Project: Students will be required to complete a project, which may take one of two forms: a paper on an application of optimization theory, or a computer project involving implementation of an optimization method. Projects may be done individually or in pairs. The descriptions below are for individual projects; more is expected from pairs. A proposal for the project, worth 2% of the final grade, will be due about six weeks into the semester; the project itself, worth 13% of the final grade, will be due towards the end of the semester.
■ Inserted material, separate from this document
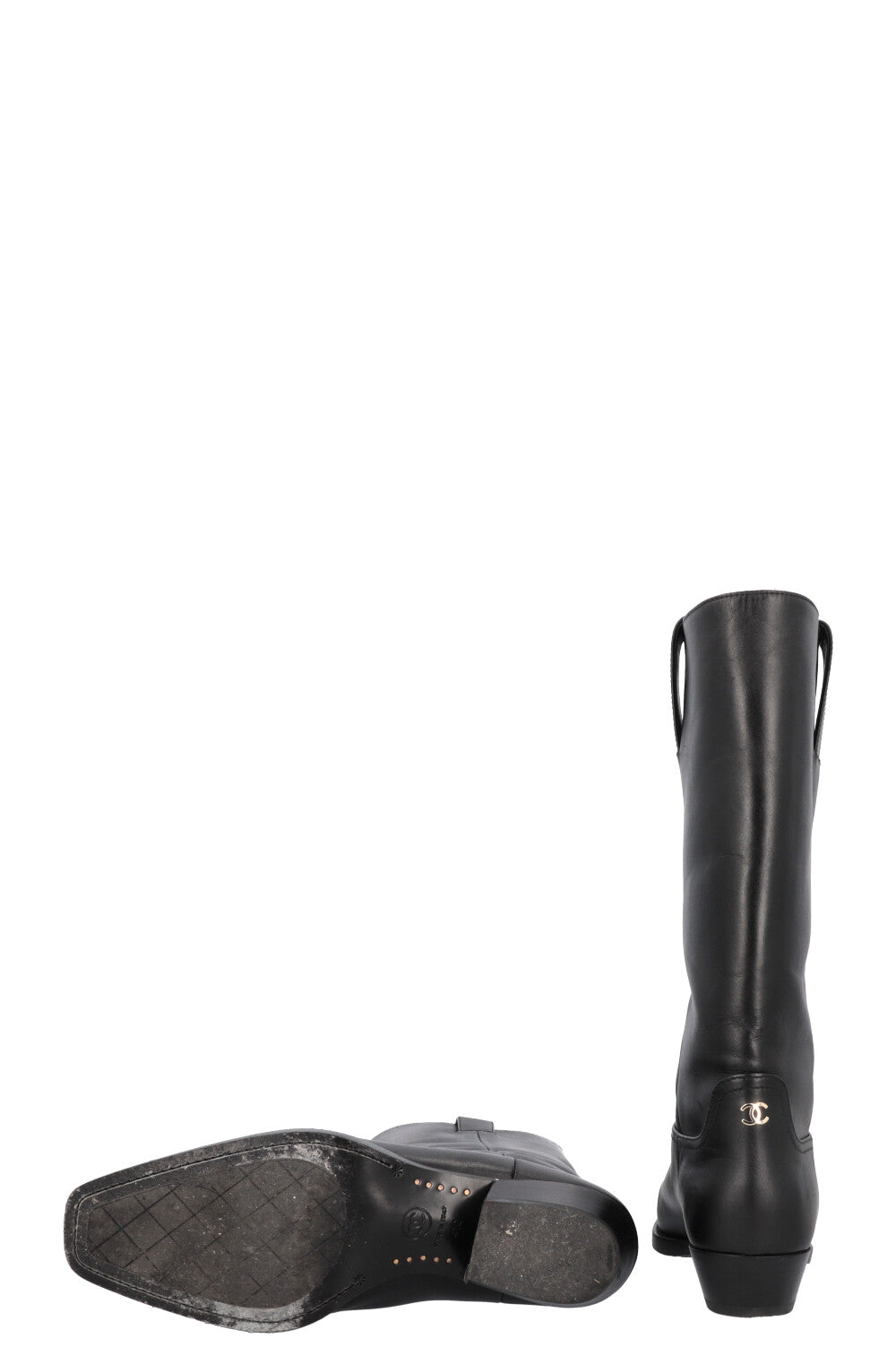 CHANEL Cowboy Boots Leather Black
The paper should concern an application of optimization theory (preferably nonlinear, but linear optimization may be allowed if you discuss the situation with me), either to a real-world problem or to another mathematical problem. It should be about twelve to sixteen pages in length.
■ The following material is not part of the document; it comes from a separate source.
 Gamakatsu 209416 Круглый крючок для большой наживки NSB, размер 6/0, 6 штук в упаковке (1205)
The computer project can involve the implementation of either a basic optimization method in the context of some particular application, or an advanced method in an abstract setting. Any computer language that is appropriate may be used. Software written by other people (e.g. subroutine libraries) may be used as part of the infrastructure for a project. The project must be accompanied by a short (five pages or so) writeup describing the purpose of the code, and how to run it. Examples of output, and a demonstration of the running project, will be required.
Midterm test and final examination: There will be one 75-minute in-class test, which will be announced at least one week in advance. (A likely date is Thursday, 28th February, immediately before Spring Break.) Absence from the test will be excused only if authorized in advance by the instructor. In case of an emergency the instructor must be notified before the test begins -- if you cannot reach me, leave a message with the Math office (322 6672). If sufficient notice of an absence is given, arrangements will be made for you to take the test early. If this is not possible your final mark at the end of the semester will be prorated to take into account the missed test. Absolutely no makeups will be given after the test. In the event of an unexcused absence, or if the instructor is informed unreasonably late of a forseeable absence, then the mark for the test will be recorded as zero.
There will be a 120-minute final examination at 3 p.m. on Thursday, 2nd May. I have not yet decided whether to give an alternate examination. If there is an alternate examination it will be at noon on Friday, 26th April.
Both the test and the final examination will contain questions involving proofs, essays, or both, as well as questions requiring computations.
Honor code: The Vanderbilt Honor Code applies as follows. Work on written problems to be submitted, the test or the final examination must be done individually; you may not obtain assistance from any source, with the exception of hints given by the instructor. You may discuss your work on the project with others, but the final project must be your own work.
Drop dates: The drop-add period ends on Monday, 14th January. The last day to withdraw from the course is Friday, 15th March.